Pumpkin Cheesecake Bars. Pumpkin puree and cream cheese combine on a gingersnap cracker crust giving you the perfect fall dessert recipe!
The search is on for a shareable fall treat. I need a good go-to for all of our holiday parties.
There were a few MUST haves for the winner.
It had to be:
3. Taste amazing.
Pumpkin Cheesecake Bars
They hit every one of my qualifications and exceeded our expectations.
Creamy, full of pumpkin flavor, and easy to share. You cannot ask for much more.
Tips for the perfect cheesecake bars
- Do not over mix. I like to use a hand mixer to make sure that the ingredients are just barely incorporated.
- Line your pan. I have been known to use foil and parchment paper. Both work well and make it super simple to pull your bars out of the pan!
- Make them the day before you plan to serve them. The flavor (of these bars especially) get better the longer they chill.
I put my bars on a gingersnap crust. The spice of those little cookies compliments the creamy pumpkin topping perfectly!
That being said, you could easily substitute a graham cracker crust!
Pumpkin Cheesecake Bars
Pumpkin puree and cream cheese combine on a gingersnap cracker crust giving you the perfect fall dessert recipe!

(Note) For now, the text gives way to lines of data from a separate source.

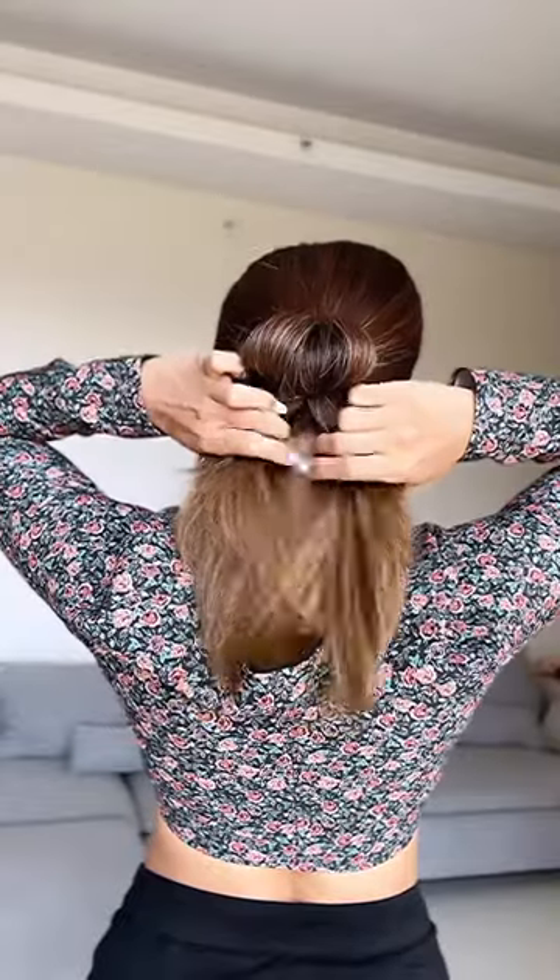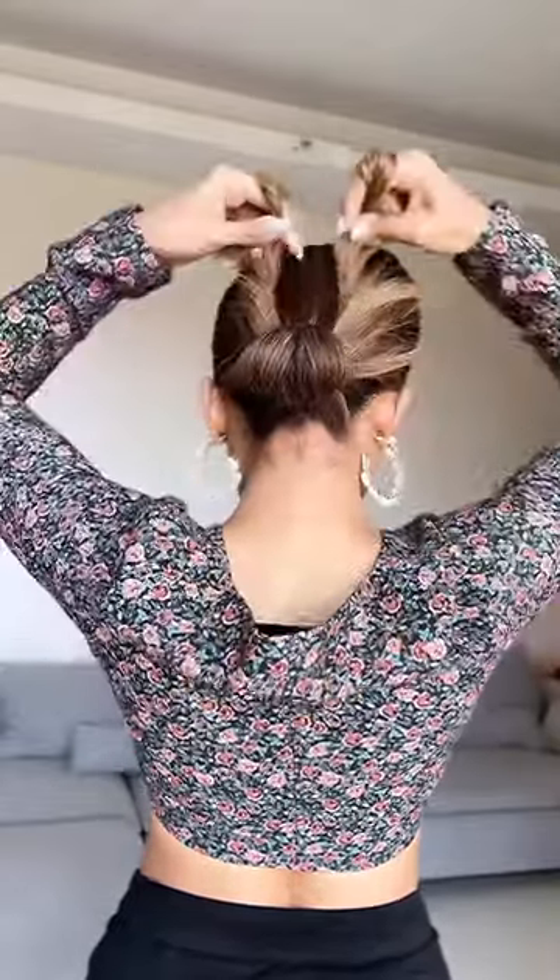Let's make a sleek wedding bun hairstyle. Make a ponytail but do not remove all the hair in the end — you should have a little loop like this. Now separate the hair and take it upwards, then twist and secure.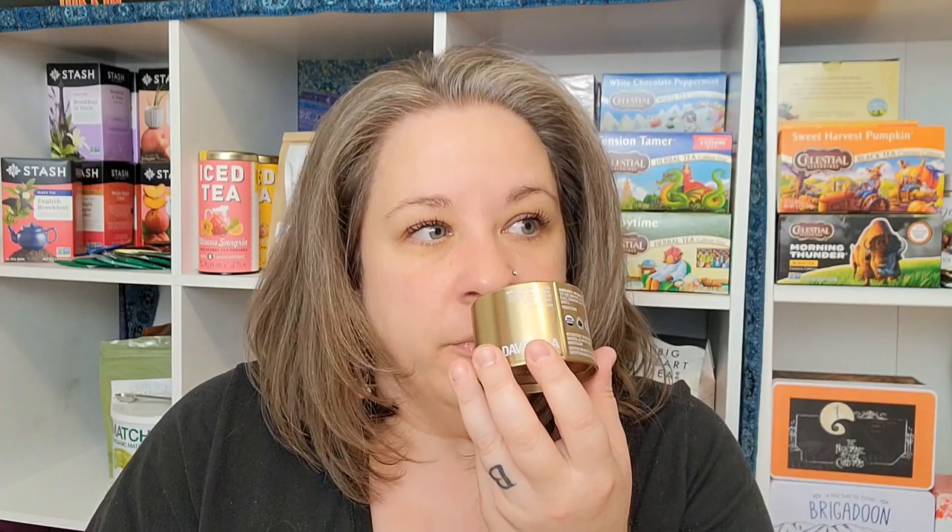So right off the rip, I have one tea tin in here. This is the David's Tea Organic David's Chai. I remember this being amazing as a chai latte — oh yeah, and you smell it and you just know. I think, if I remember correctly, this and one other were my two favorite chais to make stovetop chai with. This was amazing as a stovetop chai, so definitely need to order a very big size of that.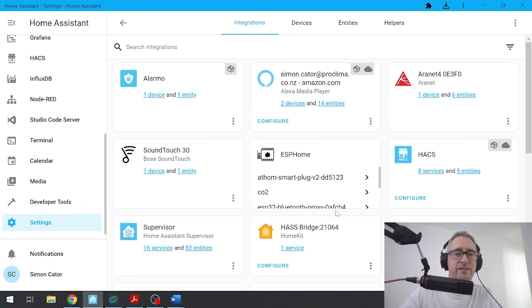And there we go, simple as that. Now all I need to do is go and start adding my Bluetooth devices. That's all for now. Have a great week. Bye for now.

- 1- 1/4 cup gingersnap crumbs
- 1 Tablespoon granulated sugar
- pinch salt
- 1/4 cup melted butter
Pumpkin Cheesecake Filling
- 1-1/2 (12 oz) blocks of cream cheese, room tempature
- 1/2 cup granulated sugar
- 1/4 cup brown sugar
- 3 large eggs, room tempature
- 2 teaspoons vanilla extract
- 3/4 teaspoon pumpkin pie spice
- 1/2 (15 oz) can pumpkin puree
Preheat your oven to 375 degrees. Line a 9 inch pan with parchment paper or foil. Mist with cooking spray and set aside.
Combine your ingredients in a mixing bowl. Stir until fully combined. Transfer to your prepared pan and press firmly into the bottom. Bake 10 minutes.
Cream together the cream cheese and sugars until light and fluffy. Turn your mixer on low and add the eggs, vanilla, and pumpkin pie spice.
OPTIONAL: reserve 1 cup of filling here if you would like to swirl on top of the cheesecake.
Stir in the pumpkin puree. Pour over your crust. Bake at 325 degrees for 25-35 minutes or until set.
Chill 4 hours or overnight. Slice and enjoy!
To swirl: Reserve 1 cup of batter BEFORE you add the pumpkin puree. Before baking gently drizzle over the top of the pumpkin batter. Swirl with a knife.